To validate this concept, we conducted a field experiment using a DJI Mavic 3 UAV drone as a target. Two HackRF One SDR units were deployed at known, separated locations to form a bistatic DF system. A C-band phased array guidance radar from a SAM system was used as the tracking sensor. The SDR units successfully intercepted the drone’s 2.4 GHz video downlink signal. Using the RSS-based range estimation and geometric triangulation, the system computed an approximate azimuth of the UAV drone relative to the radar site. The radar was then cued to that azimuth sector. It acquired and established a stable track on the UAV drone within 30 seconds. In contrast, when the same radar performed an autonomous full-sector search for the small, low-altitude UAV drone without prior cueing, it took approximately 10 minutes for an operator to identify and lock onto the target amidst ground clutter. The RF-cueing method thus provided a dramatic 9.5-minute improvement in reaction time, proving its feasibility and operational value.

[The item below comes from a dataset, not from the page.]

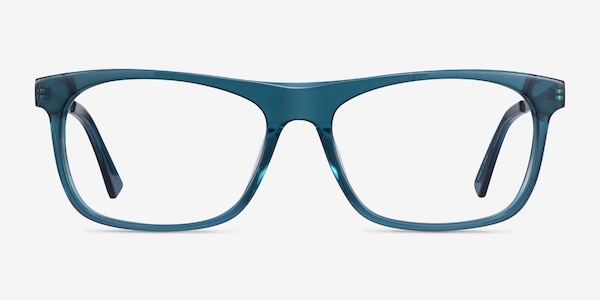 Drop Green Silver Acetate Eyeglass Frames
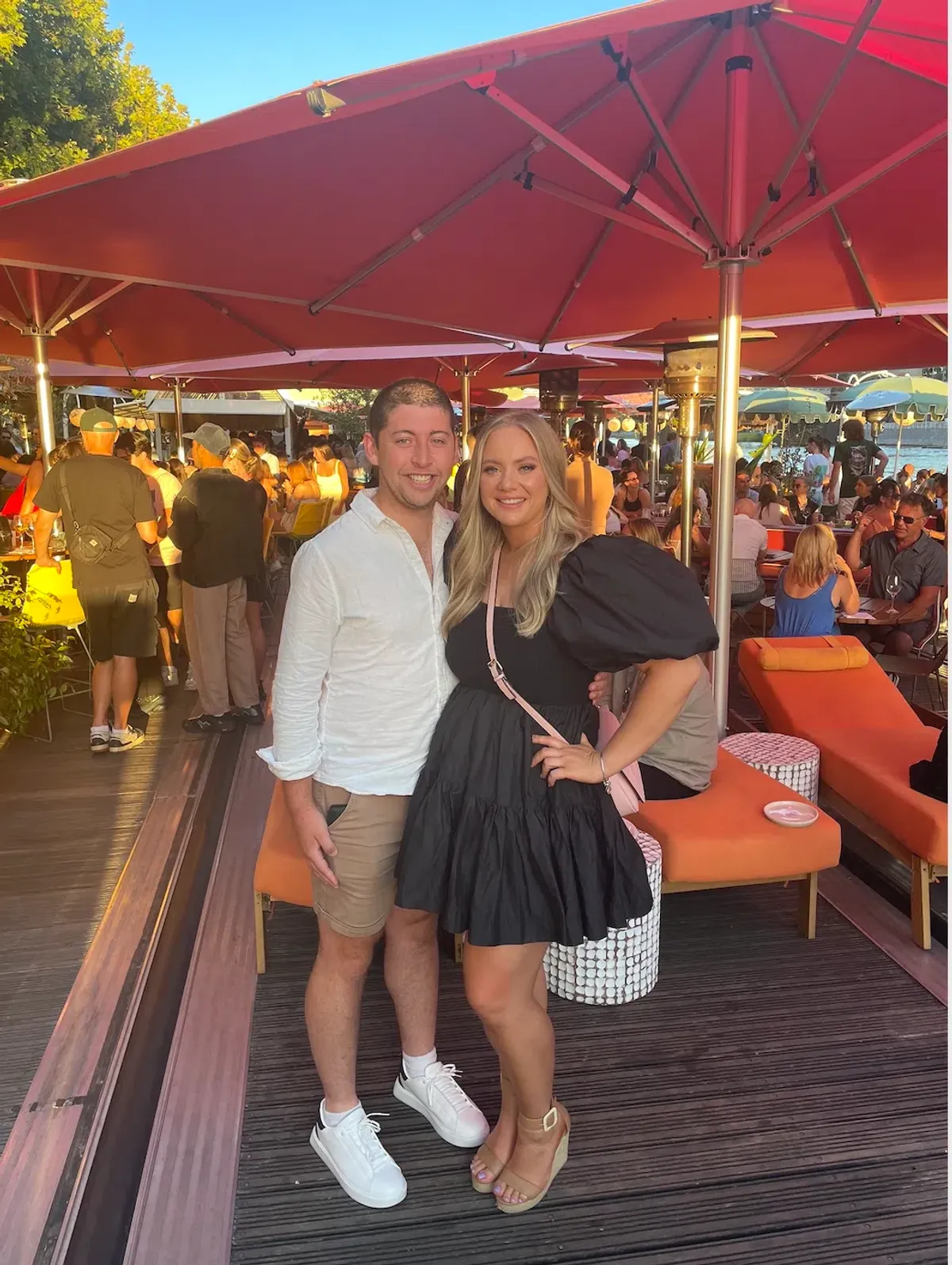 Aje Casa Puff Sleeve Mini Dress Black Size 10 - Image 5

In conclusion, the threat posed by small, commercially available UAV drones to modern air defense sites is real and urgent, as evidenced by recent conflicts. Traditional radar-centric defense has blind spots against these low-RCS, low-altitude, and slow-moving targets. A comprehensive analysis of UAV drone signatures reveals that no single detection modality is perfect. Our proposed hybrid method, which leverages passive RF surveillance for persistent, covert detection and cueing, followed by active radar for precise tracking, offers a balanced and effective solution. It enhances the capability of existing SAM systems without requiring prohibitively expensive dedicated counter-UAV drone radars. The field test demonstrates a significant reduction in engagement timeline. Future work should focus on integrating automated DF algorithms with the radar’s command and control via a digital data link, developing robust signal processing to handle multiple concurrent UAV drone threats, and expanding the RF library to cover evolving drone communication protocols. For any SAM site operator, adopting such a layered, sensor-fused approach is critical to defending against the pervasive and evolving threat of the small rotary-wing UAV drone.